What does it mean if you move to a country with a tax treaty?
A tax treaty agreement made by two countries resolve issues involving ‘double taxation’ of passive and active income of each of their respective citizens. When an individual or business invests in a foreign country, the issue of which country should tax the investor's earnings may arise. ‘Double taxation’ is levying tax by two or more countries on the same income, asset, or financial transaction.

Aguste explained that if you plan to retire to the US, for example, expats must also report foreign bank account holdings in excess of $10,000 (Dh36,700), including funds in savings accounts. “Similar tax norms exist in several other countries as well, particularly across Asian countries,” she added.

“The biggest thing with international reporting is there’s all these kinds of traps for people who don’t really understand what they’re doing, and these traps often come with penalties,” she said, noting penalties can often be as high as $10,000 (AED36,800) for not filing out needed forms to disclose assets.

What else taxes to keep in mind when retiring overseas?
Aside from retirees needing to consider the need to file taxes in a new country, and to find the right bank and the right brokerage as well, Aguste also added that retirees should be prepared to update their estate plans before you repatriate overseas.

“Some countries have special tax programs that minimise taxation for retirees. Each country’s tax rules are unique and each one will interact with your taxes in slightly different ways. Also keep in mind that no tax treaty covers health savings accounts or other savings schemes,” she added.

“These will be fully taxable in countries that tax worldwide income. And some countries tax mutual funds and exchange-traded funds (ETFs), which is why investors should work with an advisor who understands foreign tax rules.”

(How are mutual funds different from exchange-traded funds? Both investment avenues pool funds from investors and puts savings to work in different forms of investments. While exchange-traded funds (ETFs) are actively traded throughout the day, mutual fund trades close at the end of the trading day, allowing ETFs to have more time in the market. Mutual funds are actively managed, and ETFs are passively managed investment options.)

Stock - Corporate Tax
Before retirees move, Aguste and Dunn both recommended that it’s always considered safer to consult with a tax advisor who understands the tax laws of their new home country.

Key takeaways

When you are planning to retire abroad, financial planners would widely recommend that the most cost-effective means to settle overseas is to buy property there. But doing so is likely to create some unexpected bills and charges.

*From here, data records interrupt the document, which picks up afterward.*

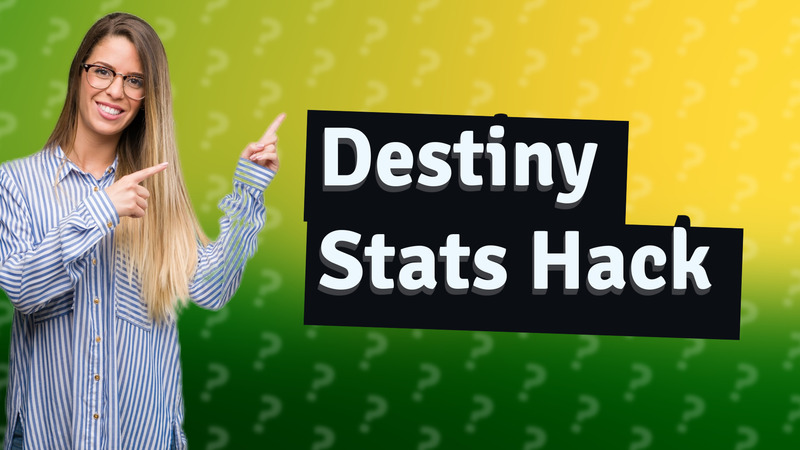 Destiny Stats Hack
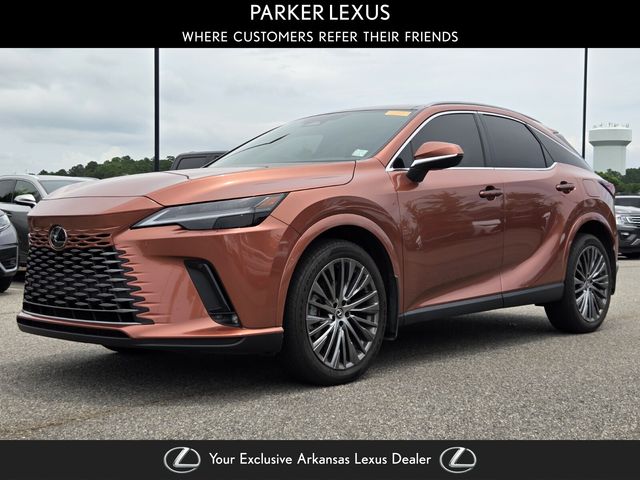 Red (Copper Crest) 2023 Lexus RX Hybrid 350h Luxury AWD SUV / Crossover All-Wheel Drive Continuously Variable Transmission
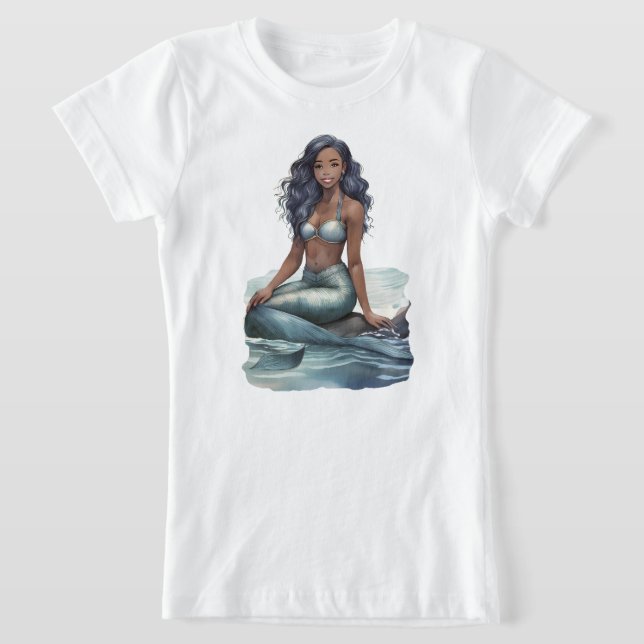 T-shirt fille Imaginaire Sirène (Poser)
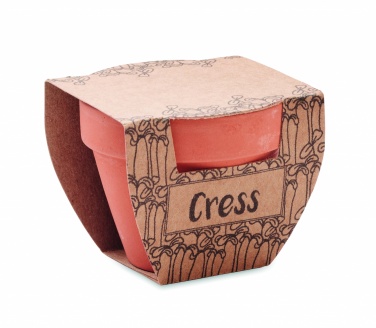Logotrade promotional giveaway picture of: Terracotta pot cress seeds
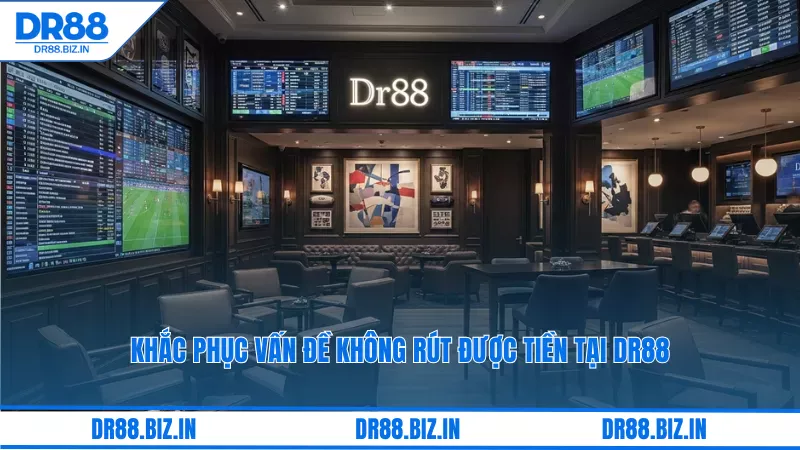 Phốt Dr88 Không Rút Được Tiền: Nguyên Nhân Thực Sự Là Gì? 4 Khắc phục vấn đề không rút được tiền tại dr88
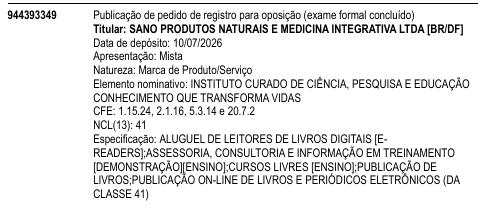 INSTITUTO CURADO DE CIÊNCIA, PESQUISA E EDUCAÇÃO CONHECIMENTO QUE TRANSFORMA VIDAS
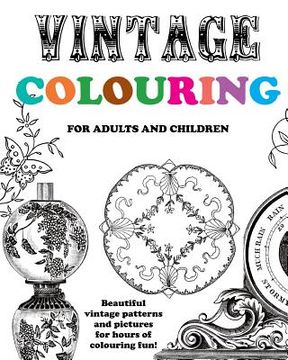 portada Vintage Colouring for Adults and Children (en Inglés)
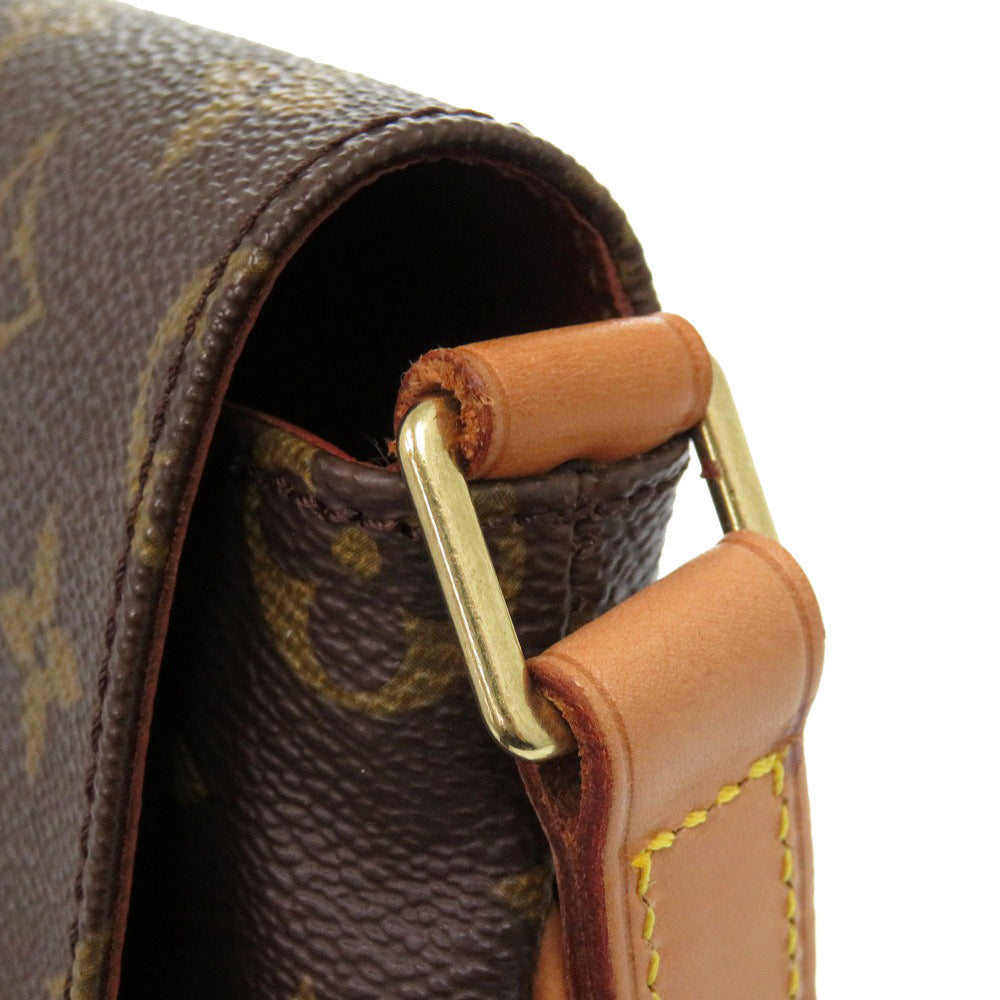 LOUIS VUITTON Shoulder Bag M51257 Monogram canvas Brown Monogram Musette Tango Short Strap Women Used Authentic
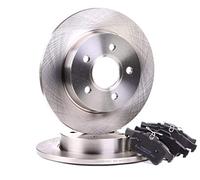 RIDEX 3405B0040 Serie/Kit Kit dischi e pastiglie Posteriore con molla con lamierino anticigolío Compatibilità con VW Transporter V Bus 7HB, 7HJ, 7EB, 7EJ, 7EF, 7EG, 7HF, 7EC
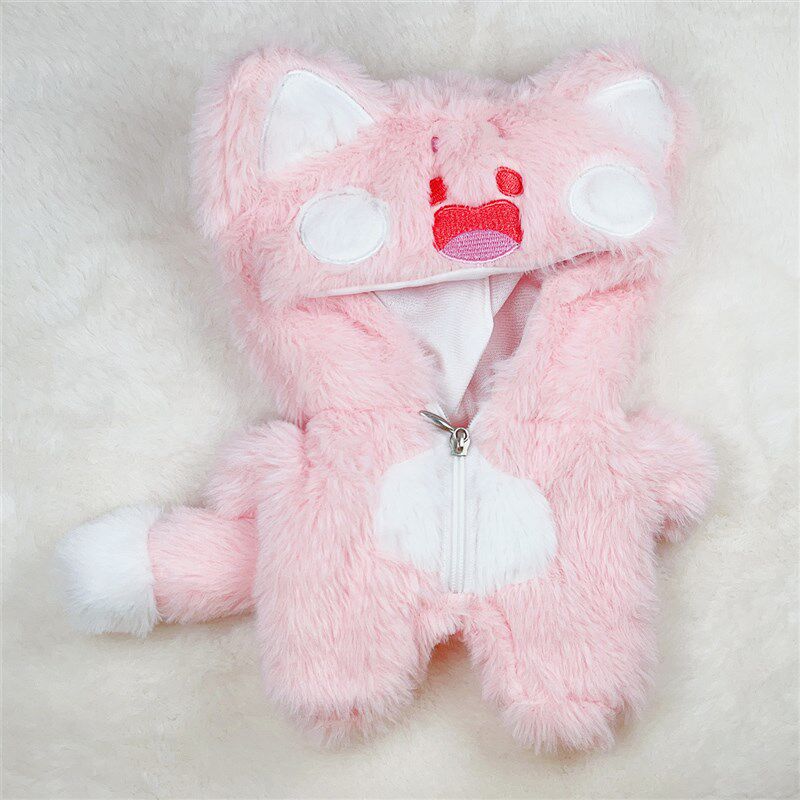 现货娃衣20cm网红嘟嘟喵连体睡衣连帽卫衣毛绒外套玩具Y公仔换衣,淘宝优惠券,粉丝福利购,淘宝优惠卷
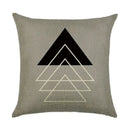 Axyaa Abstract Geometry Linen Pillowcase 45*45cm Square Home Sofa Decor Cover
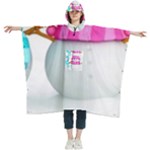 Two Snowmen, Women s Hooded Rain Ponchos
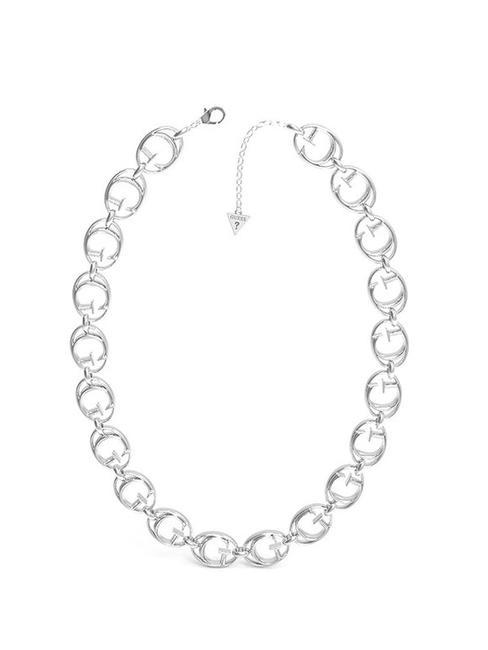 GUESS MULTI CHAIN Steel necklace SILVER - Necklaces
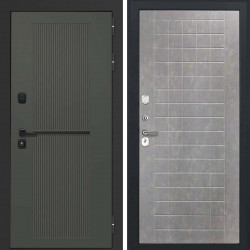 Входная дверь L-Terio-2 ФЛ-256 бетон пепельный пвх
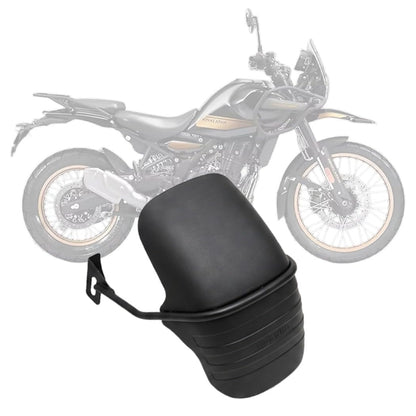 Type 2 Rear Tyre Hugger for Royal Enfield Himalayan 450 | Mudguard Splash Guard with Metal Clamp | Durable Plastic Build | Easy Install | Black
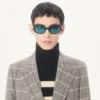 Wełniany sweter Valentino z wysokim kołnierzem i haftowanym logo Vlogo Wełniany sweter Valentino z wysokim kołnierzem i haftowanym logo Vlogo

“Across Europe, Australia, and the US, for example, house buying comes with a whole range of tax tariffs which vary from country to country, and quickly mount up,” explained Aguste. “Make sure you're very clear on the costs involved before you make a realty transaction.

“Whichever country you're headed, if you draw income in one currency, and are planning on spending in another, then you need to also understand and make allowances for exchange rate fluctuations. If not, you might find yourself with a hefty bill to pay.”

The way out of such a costly predicament, according to forex experts, is to seek help from a foreign exchange service that will enable you to avoid market volatility by fixing a rate before a financial transaction and also make use of rate alerts to keep a watch on steep drops in the currency’s value.

Before retirees move, Aguste and Dunn both recommended that it’s always considered safer to consult with a tax advisor who understands the tax laws of their new home country.